Harry Sinclair kicks off his pleasingly tangled narrative with an irreverent poke at one of New Zealand cinema's sacred cows. While visiting the beach where The Piano was filmed, would-be screenwriter Ant (Ian Hughes) hurls his latest failed script away in despair. A visiting German producer finds the discarded pages, takes them home and makes the movie.
It's hard to escape the notion that Sinclair is making a personal comment on the vagaries of fate, and of course, he is.
As a member of the iconic song and comedy duo, The Front Lawn, Sinclair had begun extending his love of acting and writing into the medium of film. But he was experiencing problems getting anyone to take him seriously as a director. So he bought a video camera and started making little films without any funding.
Working with actor friends, and workshopping ideas as they filmed, Sinclair discovered a different way of developing stories. Somewhat in the manner of English director Mike Leigh, he found he could create complex scenarios while actually making the film. Lead actress Danielle Cormack's real-life pregnancy even became a key part of the story.
This improvised style was complete anathema to traditional funding bodies like the New Zealand Film Commission, but Sinclair was both clever and lucky. Having initially decided he had no chance of getting backing for a film, he successfully pitched the idea of making a mini comic soap opera to TV3. The episodes would be three or four minutes long, designed to fit between other programmes late in the evening. Only the first few would be scripted. The rest they'd make up as they went along.
A good plan. But after about a dozen episodes had been shot, Sinclair realized he had the equivalent of half a feature film in the can. He offered up the whole kit and kaboodle to the Film Commission as a cheap ‘work in progress' and invited them to help pay to finish it.
Given the quality of the work done so far, it was an irresistible proposition, and the Commission would have been mad to turn it down. They didn't.
The Gen X acting talent, particularly Cormack (radiant as Liz) revel in the freedom that Sinclair gives them to explore the irreverent zest of being young: there's weirdness and normality, jealousy and friendship, depression and exhilaration, falling in and out of love, and an eponymous film within a film.
Mid-way through the film Topless Women takes a perverse left turn into more downbeat territory. Characters who start out loveably quirky become miserablists as fate deals them losing hands, and the comic energy of the movie's first half dissipates, before recovering its joie de vivre late on.

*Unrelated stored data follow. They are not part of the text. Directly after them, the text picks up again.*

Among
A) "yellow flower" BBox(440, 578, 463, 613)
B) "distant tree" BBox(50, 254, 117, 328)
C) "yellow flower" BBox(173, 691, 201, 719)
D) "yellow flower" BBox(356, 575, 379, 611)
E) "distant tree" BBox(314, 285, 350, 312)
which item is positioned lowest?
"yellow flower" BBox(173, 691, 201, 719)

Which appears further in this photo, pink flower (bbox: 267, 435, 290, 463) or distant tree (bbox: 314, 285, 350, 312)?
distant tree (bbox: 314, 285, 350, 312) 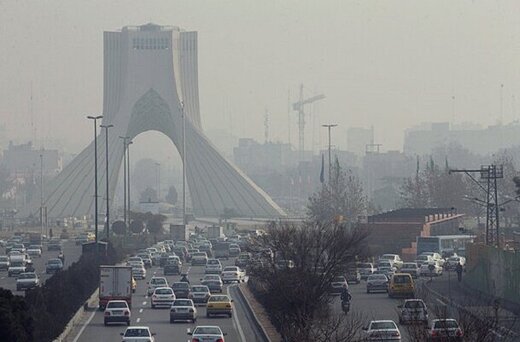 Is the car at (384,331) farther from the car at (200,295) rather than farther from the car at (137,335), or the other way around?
the car at (200,295)

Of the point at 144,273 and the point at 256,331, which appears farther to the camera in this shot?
the point at 144,273

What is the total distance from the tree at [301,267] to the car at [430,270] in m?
12.6

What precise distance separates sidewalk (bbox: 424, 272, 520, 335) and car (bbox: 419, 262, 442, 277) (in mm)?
299

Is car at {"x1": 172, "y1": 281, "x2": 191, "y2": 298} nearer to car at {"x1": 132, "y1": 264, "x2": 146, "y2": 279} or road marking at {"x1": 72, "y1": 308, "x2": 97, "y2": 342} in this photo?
road marking at {"x1": 72, "y1": 308, "x2": 97, "y2": 342}

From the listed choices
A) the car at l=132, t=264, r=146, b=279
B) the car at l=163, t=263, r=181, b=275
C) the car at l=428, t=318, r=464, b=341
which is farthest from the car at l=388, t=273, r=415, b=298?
the car at l=428, t=318, r=464, b=341

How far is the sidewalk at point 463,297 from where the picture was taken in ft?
105

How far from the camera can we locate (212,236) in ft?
281

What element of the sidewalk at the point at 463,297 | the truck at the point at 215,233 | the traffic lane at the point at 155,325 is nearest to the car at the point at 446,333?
the sidewalk at the point at 463,297

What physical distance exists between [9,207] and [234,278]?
124m

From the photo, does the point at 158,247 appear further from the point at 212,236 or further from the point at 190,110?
the point at 190,110

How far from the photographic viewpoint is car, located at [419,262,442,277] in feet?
A: 168

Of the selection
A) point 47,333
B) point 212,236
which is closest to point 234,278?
point 47,333

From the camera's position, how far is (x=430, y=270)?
5125cm

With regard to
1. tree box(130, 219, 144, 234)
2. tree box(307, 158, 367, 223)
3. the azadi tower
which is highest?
the azadi tower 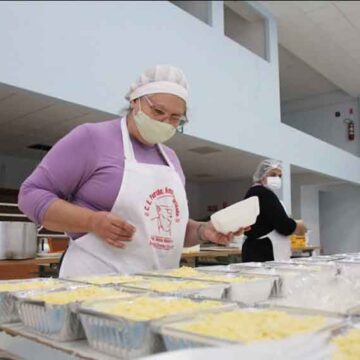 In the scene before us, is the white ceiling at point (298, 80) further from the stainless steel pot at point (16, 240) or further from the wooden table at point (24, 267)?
the stainless steel pot at point (16, 240)

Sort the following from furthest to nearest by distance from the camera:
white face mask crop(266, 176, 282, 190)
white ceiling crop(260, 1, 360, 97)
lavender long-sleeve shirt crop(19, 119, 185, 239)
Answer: white ceiling crop(260, 1, 360, 97), white face mask crop(266, 176, 282, 190), lavender long-sleeve shirt crop(19, 119, 185, 239)

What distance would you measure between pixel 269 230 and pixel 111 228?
5.13ft

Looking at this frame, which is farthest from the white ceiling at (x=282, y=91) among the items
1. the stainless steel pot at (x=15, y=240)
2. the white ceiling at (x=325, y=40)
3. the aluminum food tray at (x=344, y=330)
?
the aluminum food tray at (x=344, y=330)

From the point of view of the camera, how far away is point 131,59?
11.7ft

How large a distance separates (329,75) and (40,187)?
22.1ft

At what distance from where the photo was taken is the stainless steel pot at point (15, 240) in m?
2.54

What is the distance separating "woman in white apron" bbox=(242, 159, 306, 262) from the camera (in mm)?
2453

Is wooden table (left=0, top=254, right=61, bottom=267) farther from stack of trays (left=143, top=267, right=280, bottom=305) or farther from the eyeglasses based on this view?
stack of trays (left=143, top=267, right=280, bottom=305)

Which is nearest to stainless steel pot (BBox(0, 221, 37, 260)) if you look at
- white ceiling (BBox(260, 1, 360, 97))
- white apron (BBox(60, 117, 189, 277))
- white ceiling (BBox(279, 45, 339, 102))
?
white apron (BBox(60, 117, 189, 277))

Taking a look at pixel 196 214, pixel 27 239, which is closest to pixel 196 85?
pixel 27 239

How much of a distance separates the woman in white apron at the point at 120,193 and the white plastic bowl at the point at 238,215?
0.08 metres

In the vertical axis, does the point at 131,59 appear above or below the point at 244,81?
below

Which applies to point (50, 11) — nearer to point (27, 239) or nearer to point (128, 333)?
point (27, 239)

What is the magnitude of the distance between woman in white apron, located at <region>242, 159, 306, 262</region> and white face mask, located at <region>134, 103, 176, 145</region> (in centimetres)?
121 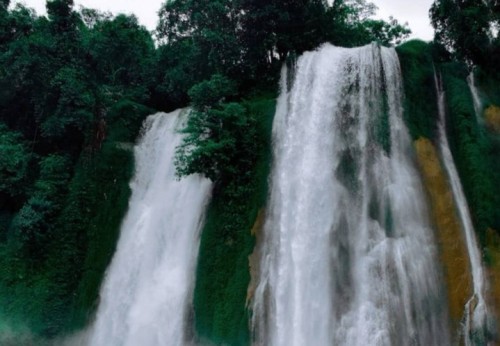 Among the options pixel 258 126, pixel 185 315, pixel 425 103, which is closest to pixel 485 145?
pixel 425 103

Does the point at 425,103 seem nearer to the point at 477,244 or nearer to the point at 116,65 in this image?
the point at 477,244

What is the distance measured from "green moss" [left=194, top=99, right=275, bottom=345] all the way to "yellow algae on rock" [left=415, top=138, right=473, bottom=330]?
405cm

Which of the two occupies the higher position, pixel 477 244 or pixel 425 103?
pixel 425 103

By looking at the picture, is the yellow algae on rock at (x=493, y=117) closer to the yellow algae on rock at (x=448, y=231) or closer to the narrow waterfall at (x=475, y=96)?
the narrow waterfall at (x=475, y=96)

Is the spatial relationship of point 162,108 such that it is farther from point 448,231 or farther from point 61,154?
point 448,231

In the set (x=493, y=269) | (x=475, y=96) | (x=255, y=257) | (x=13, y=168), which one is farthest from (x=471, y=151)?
(x=13, y=168)

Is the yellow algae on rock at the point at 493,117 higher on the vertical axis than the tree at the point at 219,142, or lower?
higher

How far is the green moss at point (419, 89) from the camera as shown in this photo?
12.4 meters

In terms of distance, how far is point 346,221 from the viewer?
11.2 metres

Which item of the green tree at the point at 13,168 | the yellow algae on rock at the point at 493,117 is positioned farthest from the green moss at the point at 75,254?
the yellow algae on rock at the point at 493,117

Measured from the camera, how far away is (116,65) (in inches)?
786

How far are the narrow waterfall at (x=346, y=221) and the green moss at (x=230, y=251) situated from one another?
1.33ft

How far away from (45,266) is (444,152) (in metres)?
12.3

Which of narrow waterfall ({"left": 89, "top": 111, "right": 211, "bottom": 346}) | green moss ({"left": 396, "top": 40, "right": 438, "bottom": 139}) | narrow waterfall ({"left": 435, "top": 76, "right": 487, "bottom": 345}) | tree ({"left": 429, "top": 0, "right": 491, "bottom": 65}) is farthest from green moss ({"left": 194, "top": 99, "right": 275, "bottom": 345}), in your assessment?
tree ({"left": 429, "top": 0, "right": 491, "bottom": 65})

The goodwill generated by the opening was not entirely spent. Various bands from the Flying Nun stable including indie legends The Clean, Straitjacket Fits, The Bats, The Chills, and Chris Knox, ensure the soundtrack jangles proceedings along; surreal, off-kilter moments (a swimming rabbit, a coathanger noose) and realism (a gritty birth scene featuring Cormack's two-week old baby made up in slimy post-birth fx) punctuate the melodrama; and the casual energy of youth is captured in naturalistic and engaging performances.
Some critics decided that the lives talked about in Topless Women left them with more of the dull ache of irony than a sense of profundity, but most critics reacted favourably. Pavement's Bernard D. McDonald's caught the general mood:
"It's both welcome and refreshing to have a great comedy we can laugh ourselves silly with. Topless Women is inspired mayhem, a film so loose in its production yet so tight in its construction that everything is virtually faultless ... Topless Women is the first lighthearted film which embraces our New Zealandness ... This is the most refreshing, light-hearted and unpretentious feature film New Zealand has ever produced."
Topless Women cleaned up at the 1997 NZ Film & TV Awards: Best Film, Best Director, Best Screenplay, Best Actor (Joel Tobeck), Best Actress (Danielle Cormack), Best Editing (Cushla Dillon), Best Supporting Actor (Andrew Robertt) and Best Supporting Actress (Willa O'Neill).
Its box office score was also respectable for a small arthouse film and it sold internationally. Topless Women competed for the Golden Leopard at Locarno, screened at Montreal, and won an audience award at Portugal's Fantaspoto festival.
The production of the film was a model of low-budget DIY creativity and the results were a shot in the arm for the way feature length stories could be successfully constructed in New Zealand. As Cormack summed it up:
"There was a director and three other actors that didn't have anything to do. So we did it [initiated Topless Women] to do something and we did it for free. Look what it evolved into! Anyone who sits back and just complains about no work, no money, no finance, to me is just lazy."